Other companies, such as Blackrock, have begun to boycott states like Texas because of their dominant oil-based economy.  The “carbon footprint” of Texas is too big and this is a sin to the green globalists.

The entire stakeholder capitalism mantra is emanating from the globalist government in the making — the United Nations (UN) and the World Economic Forum (WEF). American corporations are obediently falling in line with guidelines sponsored by these world bodies. Banks and investment firms are expected to follow the protocols outlined by the globalist Network for Greening the Financial System (NGFS). The NGFS pressures banks to alter their “credit-rating system” to assess for how well a company supports the climate change agenda before extending loans.

The Problems

There are several problems with the ESG movement. First, the primary concern is the fact that corporations advancing a social cause is not a business judgment, but a moral one ("Woke, Inc." Ramaswamy, pg. 18). Not only are these moral decisions that companies make, but these decisions actually can be characterized more as a religious orientation than a business one. Save the planet; save the rainforests, social justice, etc. Almost 100 percent of the time these are liberal causes.

Sounding more like a pulpiteer than politician, Ramaswamy writes in "Woke, Inc." that Al Gore's 2020 opinion in the Wall Street Journal insinuates that "it is no longer optional for corporate executives to practice ESG principles but that they have an affirmative legal obligation to embrace them."

Gore is the grandfather of the environmental movement and in his 1992 seminal work on the environment, "Earth in the Balance," he freely re-wrote the creation account in Genesis to serve the green agenda. He needed to alter the creation account of the world to serve the green agenda.

The entire ESG movement with its “stakeholder capitalism” sounds like a religion. Having rejected the moral teachings of the Bible, our empty-suited culture has opted for an alternative moral teaching — environmentalism.

As an illustration, the pharmaceutical giant AstraZeneca, in a great show of penance, announced with “much fanfare at (of course) the World Economic Forum in Davos a new investment commitment of $1 Billion over ten years into environmental sustainability initiatives to fight climate change.”
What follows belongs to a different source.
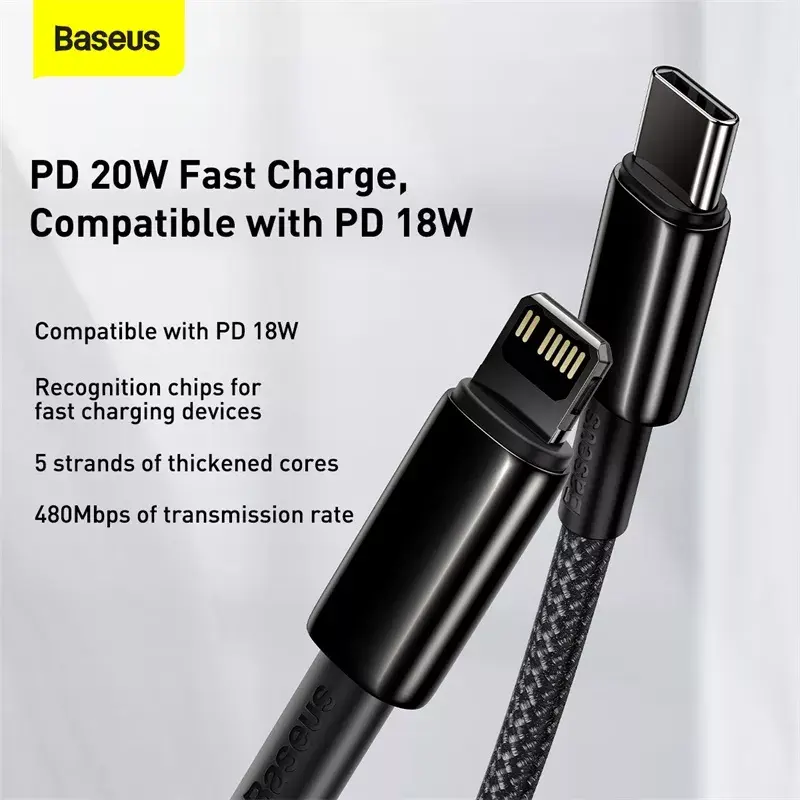 Cavo Baseus Tungsten Gold 1 m nero Lightning a USB C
What most people do not realize is that just a couple of months later AstraZeneca “received a $1.2 billion grant — not a loan, but a grant — from U.S. taxpayers to subsidize its development of for-profit vaccines,” Ramaswamy writes in "Woke, Inc." All for show.

Lack of Transparency

A second major problem with "wokenomics" is that, as Texas Comptroller Hegar put it, these financial institutions are not transparent to their shareholders but use their “financial clout to push a social and political agenda shrouded in secrecy.”

The list published by the comptroller’s office represents its effort “to shine a light on entities that are engaging in these practices and create some clarity for Texans whose tax dollars may be working to directly undermine our state’s economic health.”

As Ramaswamy has experienced in the corporate world, the prevailing view of these CEO’s is that American free enterprise is the problem. The capitalist system, they believe, creates inequity that systematically rewards white people over black people.

It is highly doubtful that Americans would invest in woke companies if they were aware that their invested money was utilized to further Marxist causes. The entire ESG/wokenomics movement is anti-liberty, anti-American, and certainly anti-Texan.